EXERCISE:
Search the data below for the string "interior". Extract every line that contains it.

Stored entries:
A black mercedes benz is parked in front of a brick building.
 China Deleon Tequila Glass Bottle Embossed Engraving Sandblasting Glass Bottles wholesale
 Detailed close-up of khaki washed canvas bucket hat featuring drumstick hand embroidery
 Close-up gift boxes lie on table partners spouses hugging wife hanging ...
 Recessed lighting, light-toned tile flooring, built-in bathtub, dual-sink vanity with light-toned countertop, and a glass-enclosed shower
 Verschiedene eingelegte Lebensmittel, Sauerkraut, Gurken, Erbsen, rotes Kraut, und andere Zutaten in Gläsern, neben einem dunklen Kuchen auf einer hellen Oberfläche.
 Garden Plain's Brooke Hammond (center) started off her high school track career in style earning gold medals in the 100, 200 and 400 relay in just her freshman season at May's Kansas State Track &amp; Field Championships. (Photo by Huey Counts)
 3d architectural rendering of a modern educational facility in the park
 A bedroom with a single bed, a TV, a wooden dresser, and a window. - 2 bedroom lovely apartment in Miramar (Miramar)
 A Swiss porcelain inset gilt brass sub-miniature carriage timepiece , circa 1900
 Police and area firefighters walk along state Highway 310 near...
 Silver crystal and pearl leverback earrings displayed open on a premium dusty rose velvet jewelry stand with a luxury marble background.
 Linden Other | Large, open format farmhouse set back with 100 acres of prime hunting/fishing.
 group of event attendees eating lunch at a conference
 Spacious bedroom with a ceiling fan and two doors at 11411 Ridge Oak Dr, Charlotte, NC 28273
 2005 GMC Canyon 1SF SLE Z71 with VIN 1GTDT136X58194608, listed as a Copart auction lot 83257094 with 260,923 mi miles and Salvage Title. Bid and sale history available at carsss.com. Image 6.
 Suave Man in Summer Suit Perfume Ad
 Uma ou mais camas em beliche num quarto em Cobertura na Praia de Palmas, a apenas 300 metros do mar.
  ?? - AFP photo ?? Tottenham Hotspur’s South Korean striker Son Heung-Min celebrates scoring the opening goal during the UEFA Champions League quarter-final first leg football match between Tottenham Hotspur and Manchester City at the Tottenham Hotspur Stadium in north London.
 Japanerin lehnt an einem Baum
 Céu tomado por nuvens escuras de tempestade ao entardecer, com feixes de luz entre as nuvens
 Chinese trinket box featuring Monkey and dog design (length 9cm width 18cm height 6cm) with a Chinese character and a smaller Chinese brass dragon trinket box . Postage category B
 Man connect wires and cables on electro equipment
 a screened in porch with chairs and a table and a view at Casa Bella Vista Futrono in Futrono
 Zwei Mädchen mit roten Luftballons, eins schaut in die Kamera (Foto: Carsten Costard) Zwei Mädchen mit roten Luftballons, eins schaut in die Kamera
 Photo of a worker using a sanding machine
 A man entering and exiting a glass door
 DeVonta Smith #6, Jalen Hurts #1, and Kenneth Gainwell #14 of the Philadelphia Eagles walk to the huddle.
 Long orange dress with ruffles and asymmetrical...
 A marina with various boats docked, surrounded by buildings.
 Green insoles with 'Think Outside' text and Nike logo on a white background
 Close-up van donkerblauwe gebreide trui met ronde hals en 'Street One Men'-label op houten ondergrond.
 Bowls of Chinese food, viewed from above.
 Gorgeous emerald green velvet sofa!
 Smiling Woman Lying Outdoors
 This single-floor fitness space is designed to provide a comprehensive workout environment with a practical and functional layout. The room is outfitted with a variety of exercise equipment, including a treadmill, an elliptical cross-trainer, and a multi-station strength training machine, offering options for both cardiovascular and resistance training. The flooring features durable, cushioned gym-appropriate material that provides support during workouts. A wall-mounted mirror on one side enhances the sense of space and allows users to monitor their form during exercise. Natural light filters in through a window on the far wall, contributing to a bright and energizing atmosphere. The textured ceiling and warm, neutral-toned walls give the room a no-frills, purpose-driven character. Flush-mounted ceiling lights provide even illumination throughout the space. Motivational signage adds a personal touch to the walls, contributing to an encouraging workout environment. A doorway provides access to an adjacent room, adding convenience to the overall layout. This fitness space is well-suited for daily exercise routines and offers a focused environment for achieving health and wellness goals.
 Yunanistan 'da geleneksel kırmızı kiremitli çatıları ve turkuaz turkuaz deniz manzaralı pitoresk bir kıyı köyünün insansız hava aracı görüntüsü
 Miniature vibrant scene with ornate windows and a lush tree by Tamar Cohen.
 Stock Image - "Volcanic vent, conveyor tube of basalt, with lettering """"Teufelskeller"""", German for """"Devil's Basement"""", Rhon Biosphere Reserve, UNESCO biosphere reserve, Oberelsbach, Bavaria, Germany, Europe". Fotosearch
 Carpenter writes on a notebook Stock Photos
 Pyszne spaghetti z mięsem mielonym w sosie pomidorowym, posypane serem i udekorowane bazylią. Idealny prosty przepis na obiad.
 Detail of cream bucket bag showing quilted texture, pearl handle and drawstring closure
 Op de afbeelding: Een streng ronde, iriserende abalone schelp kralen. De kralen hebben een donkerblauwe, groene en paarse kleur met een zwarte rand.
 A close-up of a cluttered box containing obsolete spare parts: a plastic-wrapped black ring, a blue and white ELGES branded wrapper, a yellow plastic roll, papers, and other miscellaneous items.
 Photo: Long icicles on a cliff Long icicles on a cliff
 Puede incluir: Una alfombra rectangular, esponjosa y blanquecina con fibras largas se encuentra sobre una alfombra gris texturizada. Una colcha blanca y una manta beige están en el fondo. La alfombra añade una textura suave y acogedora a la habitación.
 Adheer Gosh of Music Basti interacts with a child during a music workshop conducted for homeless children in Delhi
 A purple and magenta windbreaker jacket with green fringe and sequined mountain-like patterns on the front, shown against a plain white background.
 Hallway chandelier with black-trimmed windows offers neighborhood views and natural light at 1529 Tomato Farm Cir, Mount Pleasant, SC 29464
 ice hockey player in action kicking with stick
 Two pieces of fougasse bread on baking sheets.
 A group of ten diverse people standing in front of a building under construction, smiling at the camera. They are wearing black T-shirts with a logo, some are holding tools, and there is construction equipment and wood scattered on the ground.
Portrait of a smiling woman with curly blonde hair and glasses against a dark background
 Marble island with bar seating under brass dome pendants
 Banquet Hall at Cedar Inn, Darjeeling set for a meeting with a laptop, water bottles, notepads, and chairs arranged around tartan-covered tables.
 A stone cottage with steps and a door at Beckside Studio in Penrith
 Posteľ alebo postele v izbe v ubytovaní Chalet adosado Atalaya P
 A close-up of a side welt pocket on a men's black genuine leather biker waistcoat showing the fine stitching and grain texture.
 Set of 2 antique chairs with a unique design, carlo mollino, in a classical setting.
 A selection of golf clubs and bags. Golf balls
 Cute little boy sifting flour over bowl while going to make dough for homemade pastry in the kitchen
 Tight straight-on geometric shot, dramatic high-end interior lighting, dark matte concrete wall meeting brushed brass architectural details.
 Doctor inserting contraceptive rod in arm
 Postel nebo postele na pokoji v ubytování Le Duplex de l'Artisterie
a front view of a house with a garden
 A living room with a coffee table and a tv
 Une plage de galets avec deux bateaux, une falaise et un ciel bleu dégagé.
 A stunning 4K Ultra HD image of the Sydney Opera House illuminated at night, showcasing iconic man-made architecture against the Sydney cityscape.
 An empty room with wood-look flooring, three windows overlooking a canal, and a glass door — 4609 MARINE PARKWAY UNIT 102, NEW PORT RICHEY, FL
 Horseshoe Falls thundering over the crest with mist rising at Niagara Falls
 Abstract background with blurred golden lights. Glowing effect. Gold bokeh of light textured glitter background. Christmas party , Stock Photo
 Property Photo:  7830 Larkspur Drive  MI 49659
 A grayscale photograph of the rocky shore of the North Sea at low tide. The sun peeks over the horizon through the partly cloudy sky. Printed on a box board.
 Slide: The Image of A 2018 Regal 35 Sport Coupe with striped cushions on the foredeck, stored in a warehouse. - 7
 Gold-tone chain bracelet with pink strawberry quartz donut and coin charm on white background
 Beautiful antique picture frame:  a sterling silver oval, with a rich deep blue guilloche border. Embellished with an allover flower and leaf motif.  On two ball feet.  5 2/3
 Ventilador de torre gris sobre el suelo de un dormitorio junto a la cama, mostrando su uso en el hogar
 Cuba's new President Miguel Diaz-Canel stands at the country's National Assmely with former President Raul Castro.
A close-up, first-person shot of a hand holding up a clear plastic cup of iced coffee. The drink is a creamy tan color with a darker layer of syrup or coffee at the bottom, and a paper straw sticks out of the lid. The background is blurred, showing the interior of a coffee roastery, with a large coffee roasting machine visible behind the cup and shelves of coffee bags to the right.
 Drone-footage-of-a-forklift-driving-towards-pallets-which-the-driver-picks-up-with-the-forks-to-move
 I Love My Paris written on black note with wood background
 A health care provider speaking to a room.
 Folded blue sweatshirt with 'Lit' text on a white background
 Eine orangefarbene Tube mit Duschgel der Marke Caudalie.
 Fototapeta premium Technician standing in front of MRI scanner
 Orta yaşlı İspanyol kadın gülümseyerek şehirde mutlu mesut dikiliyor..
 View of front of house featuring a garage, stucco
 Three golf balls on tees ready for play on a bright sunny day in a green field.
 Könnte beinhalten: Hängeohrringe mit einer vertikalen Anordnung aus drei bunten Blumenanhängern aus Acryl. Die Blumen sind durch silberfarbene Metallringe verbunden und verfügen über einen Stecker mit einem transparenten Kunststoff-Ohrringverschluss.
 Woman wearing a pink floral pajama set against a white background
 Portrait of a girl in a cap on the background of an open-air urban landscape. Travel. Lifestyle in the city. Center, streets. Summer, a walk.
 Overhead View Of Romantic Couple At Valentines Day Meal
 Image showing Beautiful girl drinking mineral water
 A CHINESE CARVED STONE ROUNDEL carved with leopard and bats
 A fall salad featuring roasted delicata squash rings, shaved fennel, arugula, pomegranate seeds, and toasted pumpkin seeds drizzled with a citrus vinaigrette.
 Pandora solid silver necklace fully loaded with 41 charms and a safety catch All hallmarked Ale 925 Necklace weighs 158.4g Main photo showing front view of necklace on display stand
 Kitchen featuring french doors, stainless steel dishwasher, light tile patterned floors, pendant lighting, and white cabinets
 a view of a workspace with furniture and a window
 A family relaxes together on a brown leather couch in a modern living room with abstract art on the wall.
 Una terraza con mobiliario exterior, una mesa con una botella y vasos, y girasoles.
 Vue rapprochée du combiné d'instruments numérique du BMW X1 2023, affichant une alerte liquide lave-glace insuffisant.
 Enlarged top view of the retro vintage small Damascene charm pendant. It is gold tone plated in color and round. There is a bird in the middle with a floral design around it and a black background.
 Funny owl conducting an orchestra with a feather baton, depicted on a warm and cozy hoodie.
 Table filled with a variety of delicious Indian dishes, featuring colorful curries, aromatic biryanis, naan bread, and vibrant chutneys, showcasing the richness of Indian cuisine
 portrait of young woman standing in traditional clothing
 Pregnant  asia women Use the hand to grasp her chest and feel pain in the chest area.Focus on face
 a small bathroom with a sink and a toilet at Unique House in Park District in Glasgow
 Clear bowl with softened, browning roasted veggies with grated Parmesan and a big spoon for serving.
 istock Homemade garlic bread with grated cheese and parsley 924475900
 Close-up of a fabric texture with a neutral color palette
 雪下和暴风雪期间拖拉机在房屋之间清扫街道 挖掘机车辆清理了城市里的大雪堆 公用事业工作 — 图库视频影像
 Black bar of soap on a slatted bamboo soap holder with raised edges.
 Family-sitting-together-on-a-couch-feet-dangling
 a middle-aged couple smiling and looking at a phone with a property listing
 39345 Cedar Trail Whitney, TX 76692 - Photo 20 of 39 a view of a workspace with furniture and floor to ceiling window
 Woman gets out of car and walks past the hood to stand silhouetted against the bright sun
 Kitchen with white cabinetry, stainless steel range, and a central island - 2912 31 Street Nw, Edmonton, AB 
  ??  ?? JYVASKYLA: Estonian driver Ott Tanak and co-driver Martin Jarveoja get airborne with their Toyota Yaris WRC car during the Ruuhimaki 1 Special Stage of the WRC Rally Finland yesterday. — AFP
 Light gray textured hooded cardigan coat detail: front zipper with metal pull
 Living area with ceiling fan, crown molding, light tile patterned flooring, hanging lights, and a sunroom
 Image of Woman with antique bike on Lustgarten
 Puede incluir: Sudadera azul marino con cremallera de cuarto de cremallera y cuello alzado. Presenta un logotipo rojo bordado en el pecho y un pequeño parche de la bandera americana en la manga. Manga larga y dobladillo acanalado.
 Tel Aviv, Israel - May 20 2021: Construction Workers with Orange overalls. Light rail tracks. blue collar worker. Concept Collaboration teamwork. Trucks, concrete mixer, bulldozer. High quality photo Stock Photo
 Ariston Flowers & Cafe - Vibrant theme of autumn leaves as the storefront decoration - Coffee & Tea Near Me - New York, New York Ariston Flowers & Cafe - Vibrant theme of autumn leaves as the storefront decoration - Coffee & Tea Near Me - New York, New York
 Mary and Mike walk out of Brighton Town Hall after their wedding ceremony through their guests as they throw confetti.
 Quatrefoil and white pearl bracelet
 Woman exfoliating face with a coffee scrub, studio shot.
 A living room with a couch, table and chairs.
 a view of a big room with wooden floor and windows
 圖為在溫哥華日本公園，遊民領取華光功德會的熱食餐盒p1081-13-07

ANSWER TO THE EXERCISE:
 Tight straight-on geometric shot, dramatic high-end interior lighting, dark matte concrete wall meeting brushed brass architectural details.
A close-up, first-person shot of a hand holding up a clear plastic cup of iced coffee. The drink is a creamy tan color with a darker layer of syrup or coffee at the bottom, and a paper straw sticks out of the lid. The background is blurred, showing the interior of a coffee roastery, with a large coffee roasting machine visible behind the cup and shelves of coffee bags to the right.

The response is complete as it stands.